For some reason I thought that when Pope Gregory fixed the calendar in 1582, everybody but England went along.
Not true (and by the way, this is my last fixing-of-the-calendar entry, so just tune out if this is too boring. And why it fascinates me so, I’ll never quite understand. But for historians, all those dates and non-dates between 1582 and 1923, when Greece finally succumbed, must be a nightmare.).
For Spain, Portugal, Poland, Lithuania, and most of Italy (some of Italy resisted the Pope, of all things), today was October 15, 1582, instead of October 5 (thereby fixing Easter back to the all-important formula of the first Sunday after the first ecclesiastical full moon, which is usually but not always the astronomical full moon, on or after March 21st). (Why Easter was so important, as opposed to Christmas, for example, we’ll never know.)
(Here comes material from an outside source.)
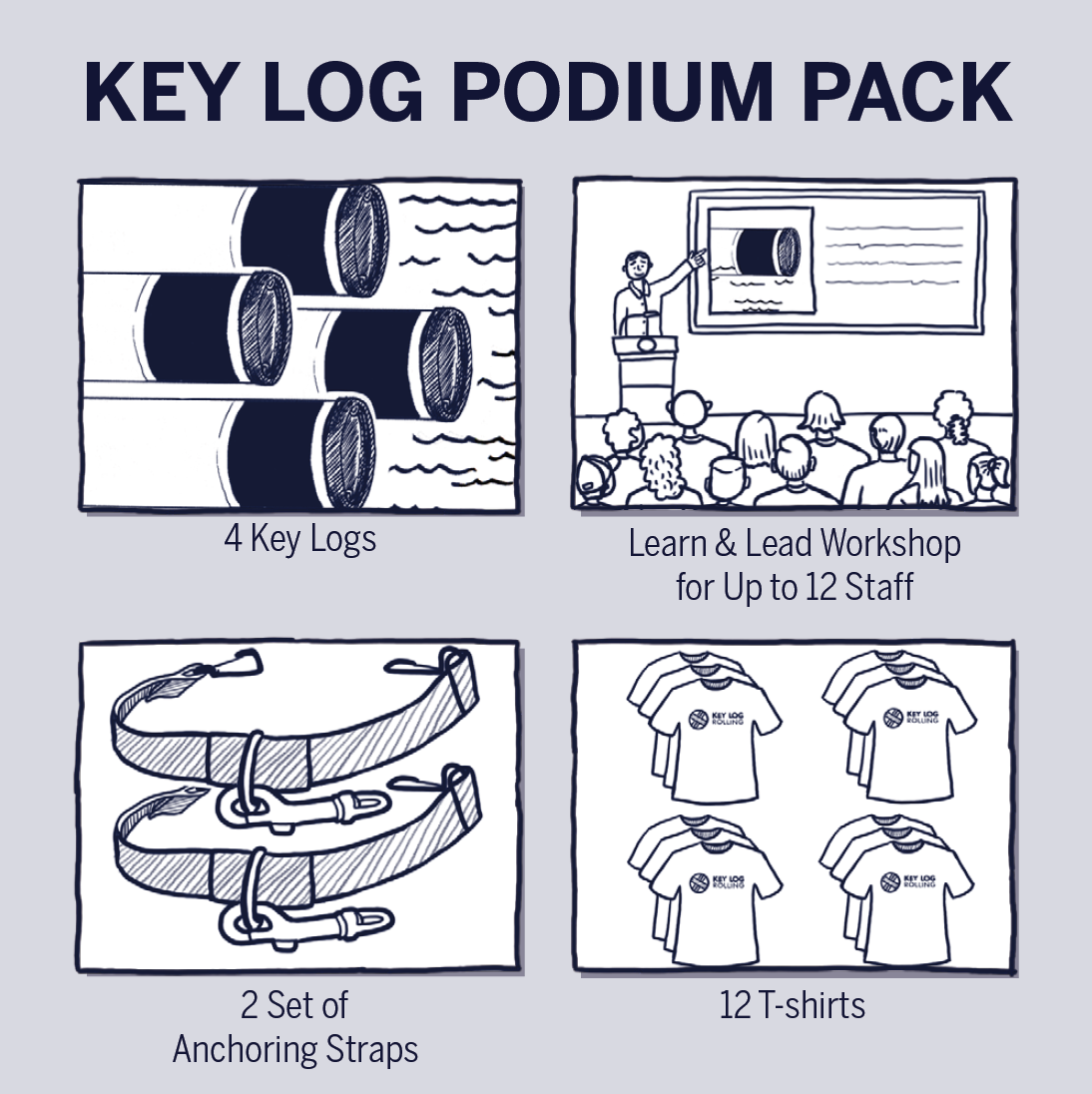 Key Log Podium Pack - Key Log Rolling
Now, there were a whole bunch of countries that, understandably, couldn’t understand why a pope should be messing around with their calendars, and the longer they took to get back in sync the more days they had to get rid of. So it took Denmark, for example, until 1700 to obliterate all of February after the 18th. In Russia, they decided there was so much going on in 1918 they might as well do away with some of that year, so February didn’t start till Valentine’s Day.
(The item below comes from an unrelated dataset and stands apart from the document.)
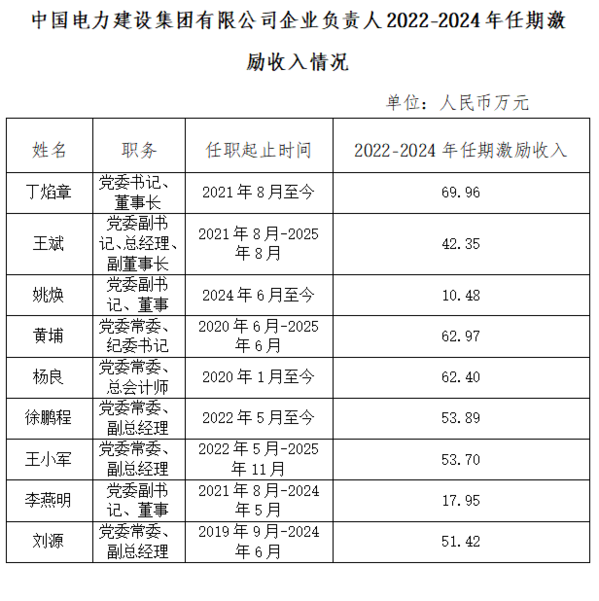 企业微信截图_17690627419209.png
But Swedish historians must really tear their hair out. Sweden decided to make the change gradually, by eliminating all the leap days between 1700 and 1740, when, theoretically, they’d be caught up; but in 1704 and 1708 they forgot, so whatever historical events happened in Sweden on February 29 in those years really did happen. King Charles XII, in his wisdom, decided to fix this problem by adding February 30 to the year 1712, and somehow they limped along till 1753, when they finally did away with February after the 17th.
Got all that?
Now I’ll go back to celebrating time, still seeing the days as little stacks of calendar pages, using the faulty premise that a date is a date is a date.